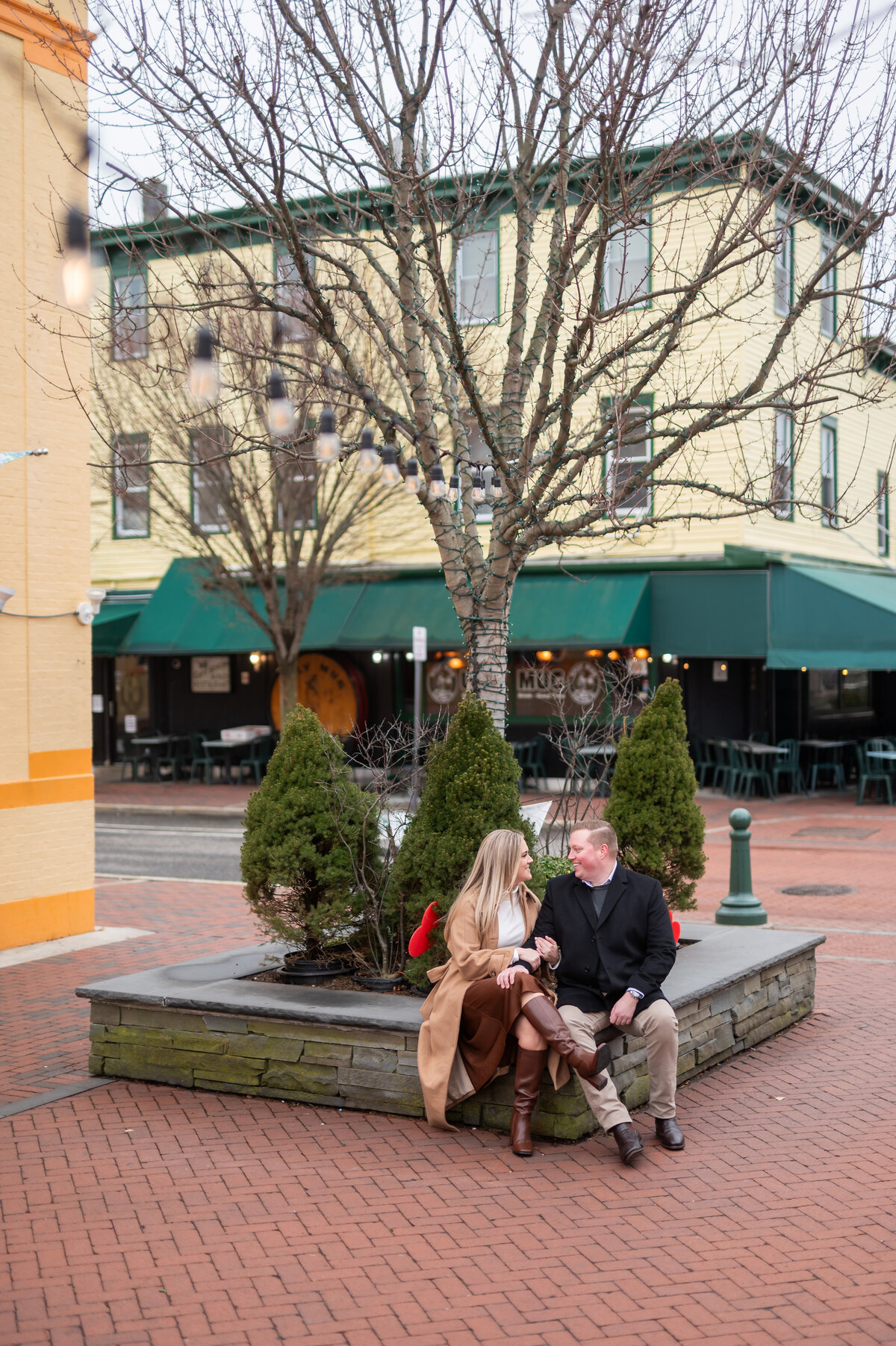 A man and woman sit together on a raised stone planter under a leafless tree in an urban outdoor area, with yellow buildings and green awnings in the background.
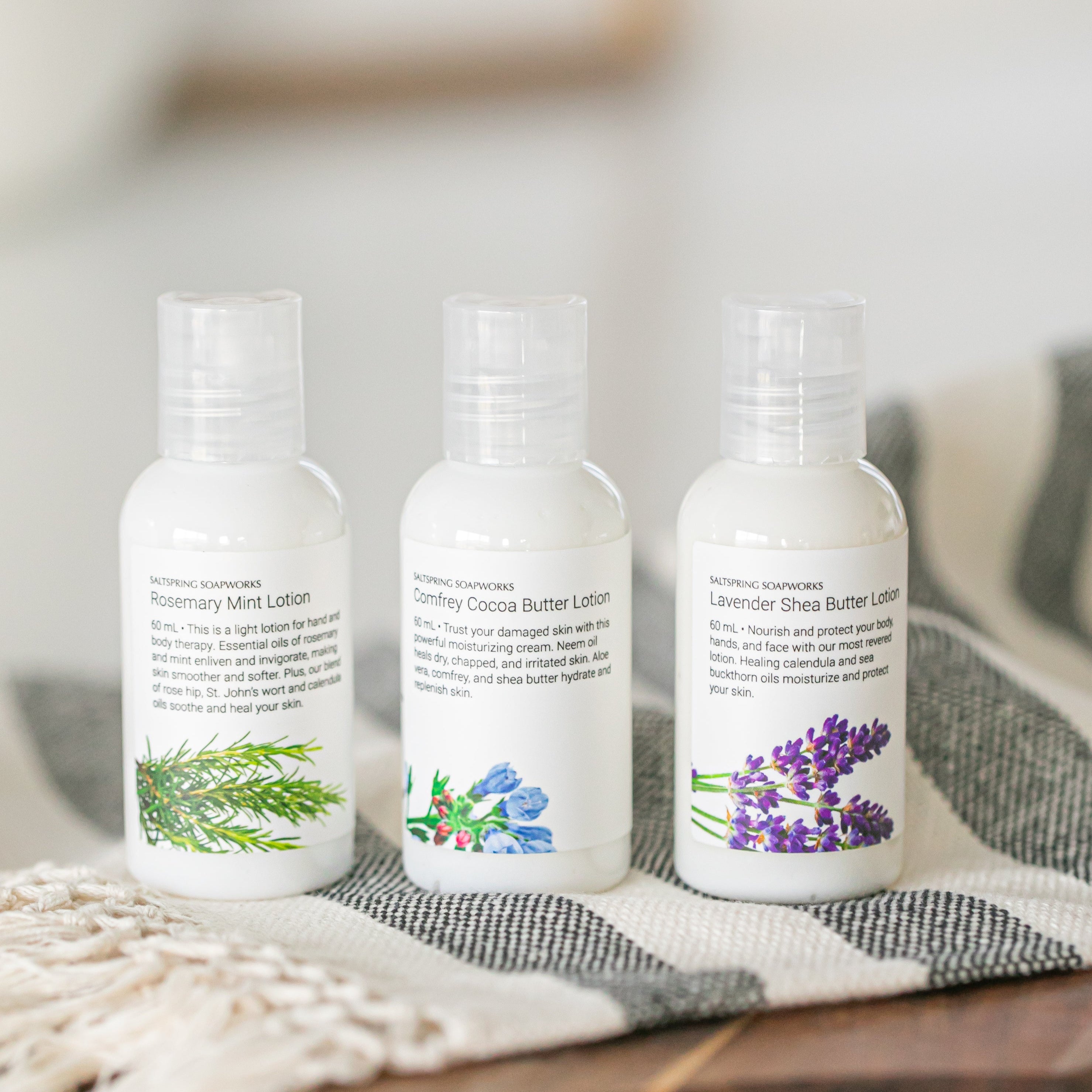 a trio of travel lotion in lavender, comfrey and rosemary mint scents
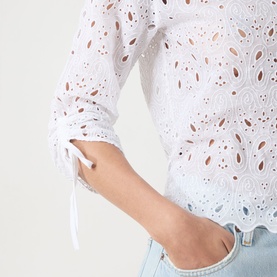 Model wearing FRAME DENIM The Paisley Eyelet Shirt in white, showing close-up of cinch-tie sleeve detail with all-over eyelet broderie, styled with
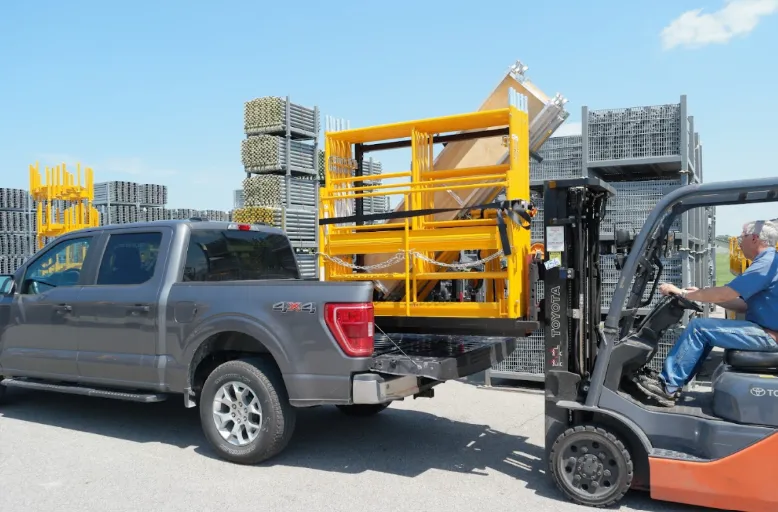 A forklift loads scaffolding equipment into the back of a truck.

* Goal of the exercise
No pictures should appear in the copy. Print exactly the lines above from the line containing "Model wearing FRAME" through the last line of the data.

* Written answer
 Model wearing FRAME DENIM The Paisley Eyelet Shirt in white, showing close-up of cinch-tie sleeve detail with all-over eyelet broderie, styled with
 A forklift loads scaffolding equipment into the back of a truck.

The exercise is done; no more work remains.